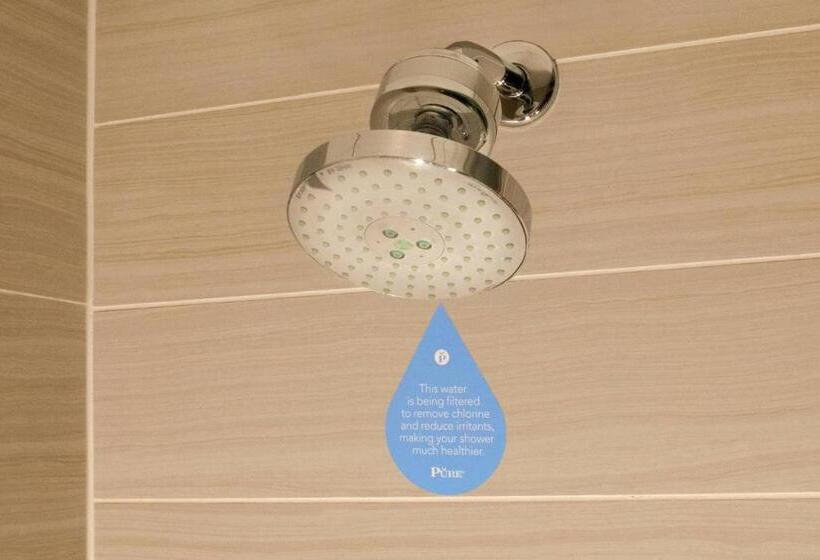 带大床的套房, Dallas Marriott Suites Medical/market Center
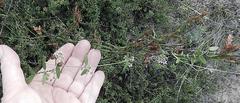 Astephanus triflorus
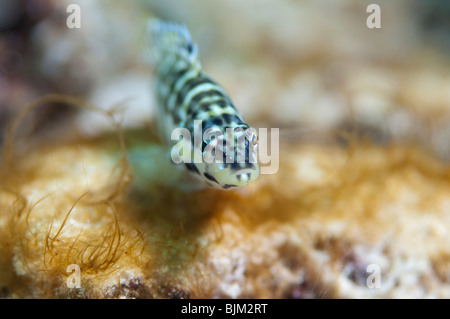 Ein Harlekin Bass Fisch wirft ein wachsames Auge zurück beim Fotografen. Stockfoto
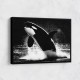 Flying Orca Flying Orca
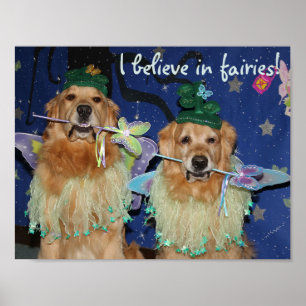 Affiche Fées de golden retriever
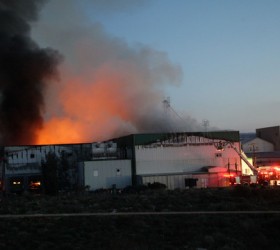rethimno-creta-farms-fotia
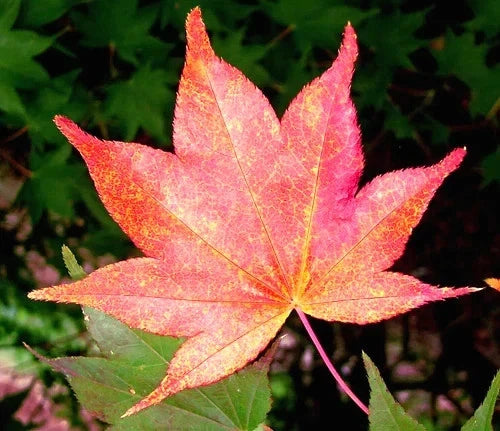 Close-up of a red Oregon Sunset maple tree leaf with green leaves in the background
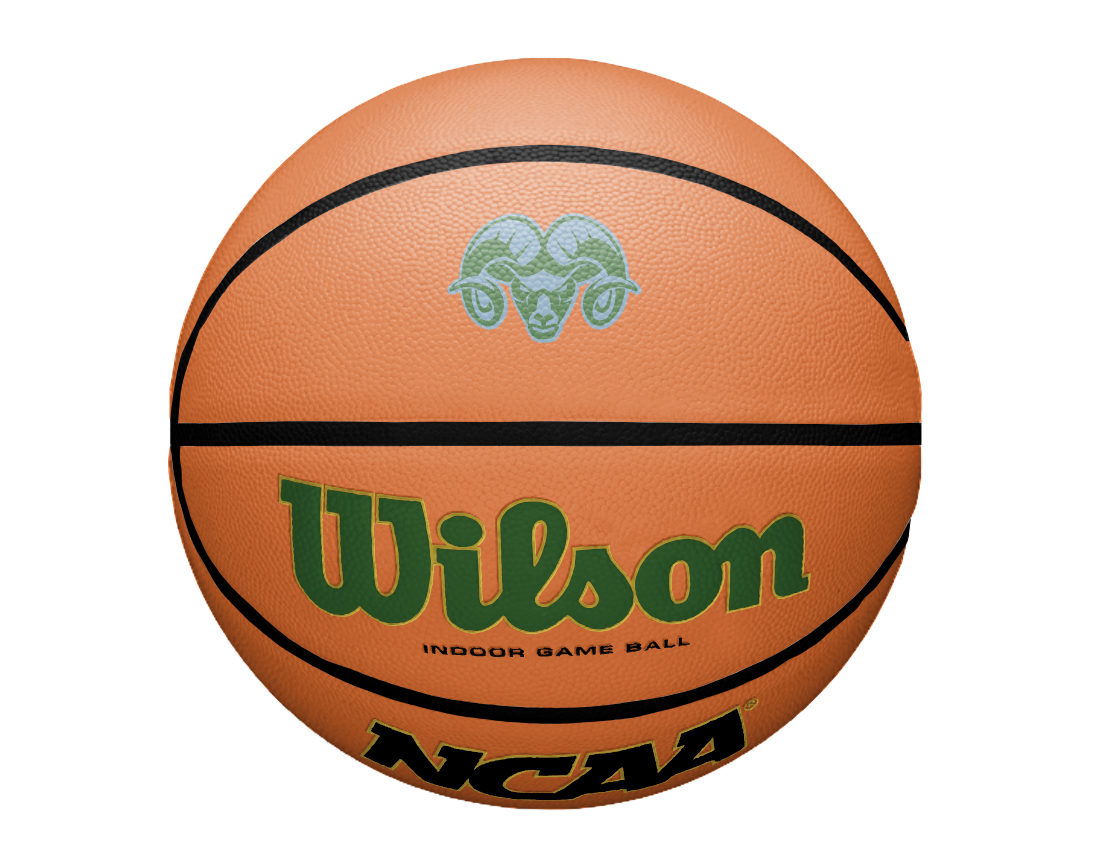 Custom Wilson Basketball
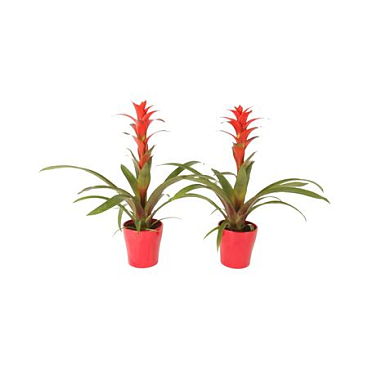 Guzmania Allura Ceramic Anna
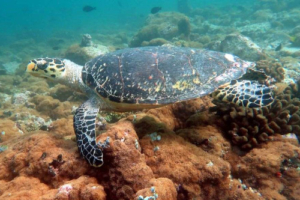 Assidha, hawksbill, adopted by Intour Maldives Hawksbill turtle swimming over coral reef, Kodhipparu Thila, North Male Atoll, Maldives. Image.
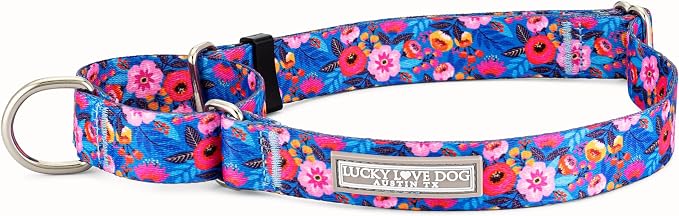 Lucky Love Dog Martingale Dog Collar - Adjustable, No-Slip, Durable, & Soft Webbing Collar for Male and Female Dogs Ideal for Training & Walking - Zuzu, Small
==
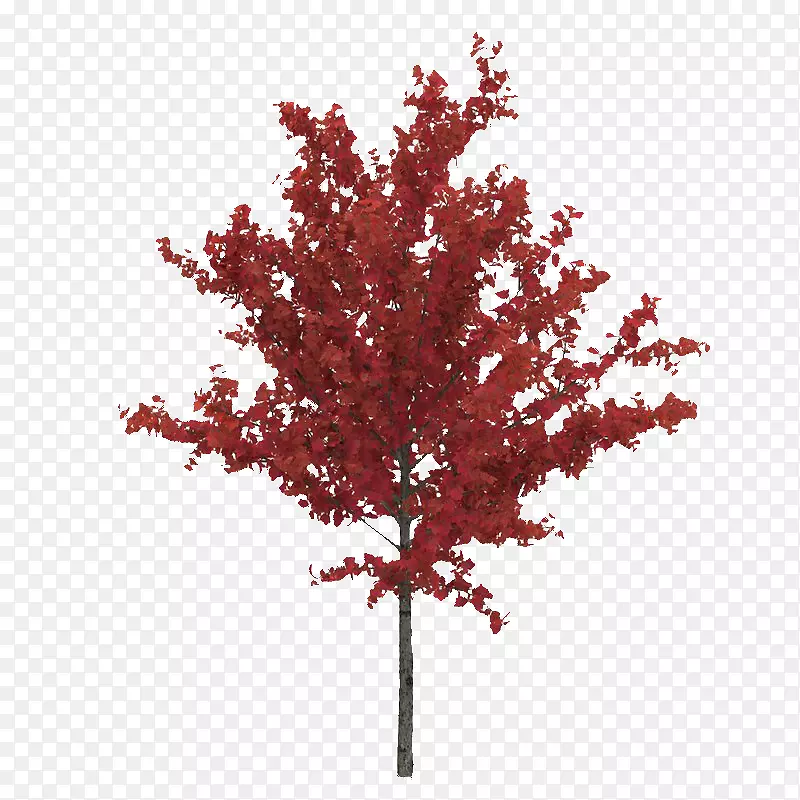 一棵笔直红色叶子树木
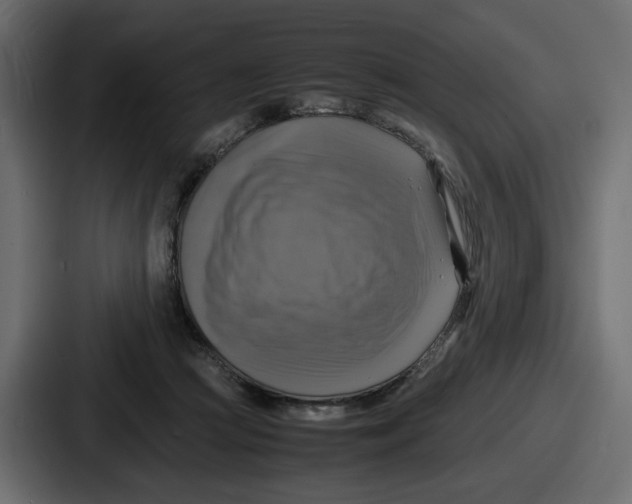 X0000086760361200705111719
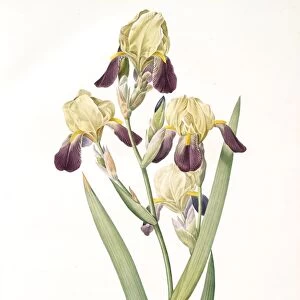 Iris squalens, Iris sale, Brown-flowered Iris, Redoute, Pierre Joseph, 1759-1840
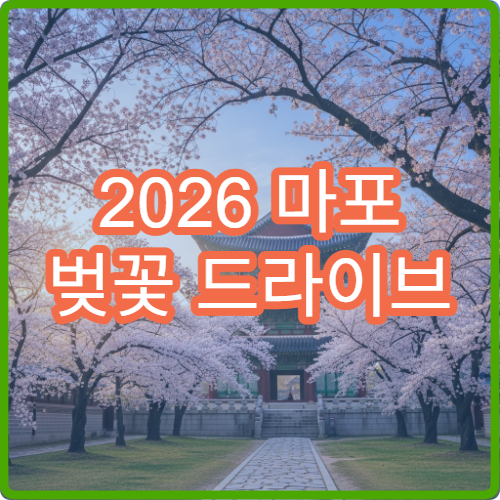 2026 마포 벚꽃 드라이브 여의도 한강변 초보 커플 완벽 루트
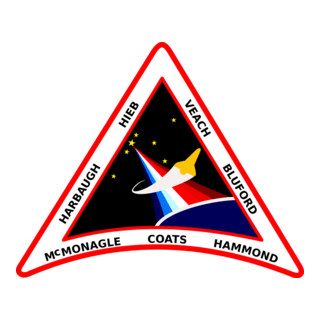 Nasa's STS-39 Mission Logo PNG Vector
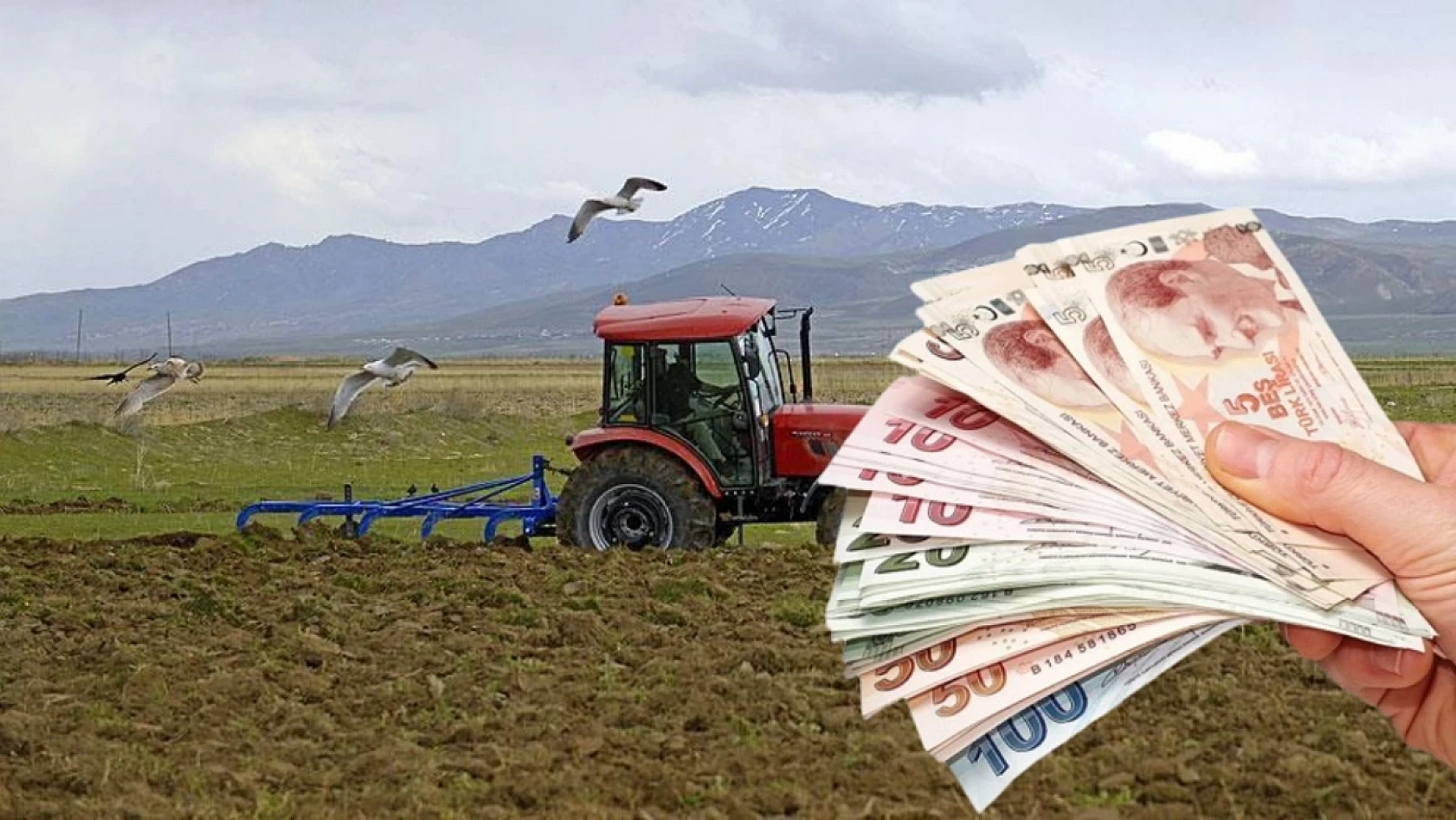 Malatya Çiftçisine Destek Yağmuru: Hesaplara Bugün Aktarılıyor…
* * *
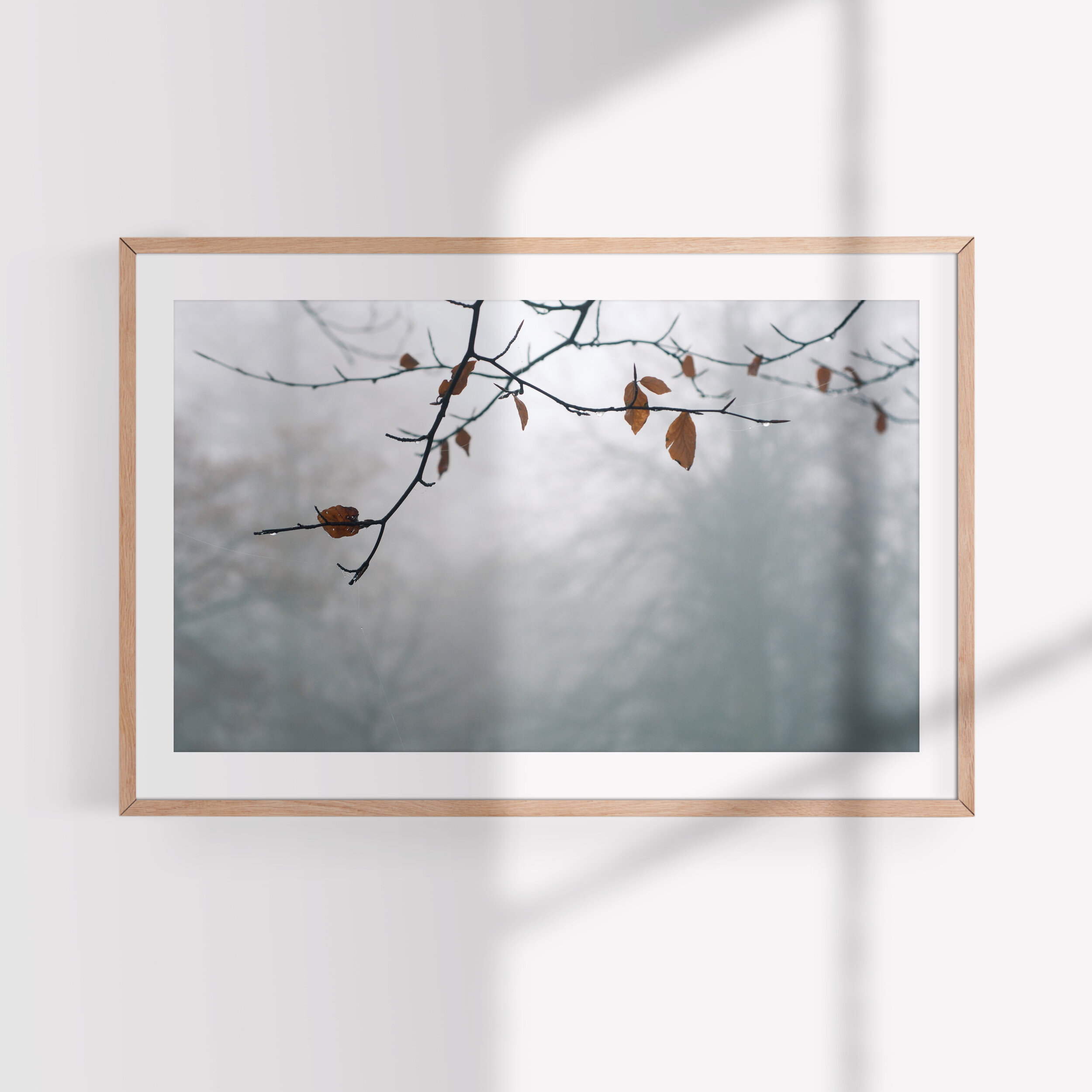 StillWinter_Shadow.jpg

_WORK ORDER:_ Using the data above, transcribe exactly the lines between those containing "Ein Harlekin Bass" and "Guzmania Allura Ceramic Anna", inclusive, and leave every picture behind.

_THE COMPLETED TASK:_
 Ein Harlekin Bass Fisch wirft ein wachsames Auge zurück beim Fotografen. Stockfoto
 Flying Orca Flying Orca
 Affiche Fées de golden retriever
rethimno-creta-farms-fotia
 Close-up of a red Oregon Sunset maple tree leaf with green leaves in the background
 Custom Wilson Basketball
 Guzmania Allura Ceramic Anna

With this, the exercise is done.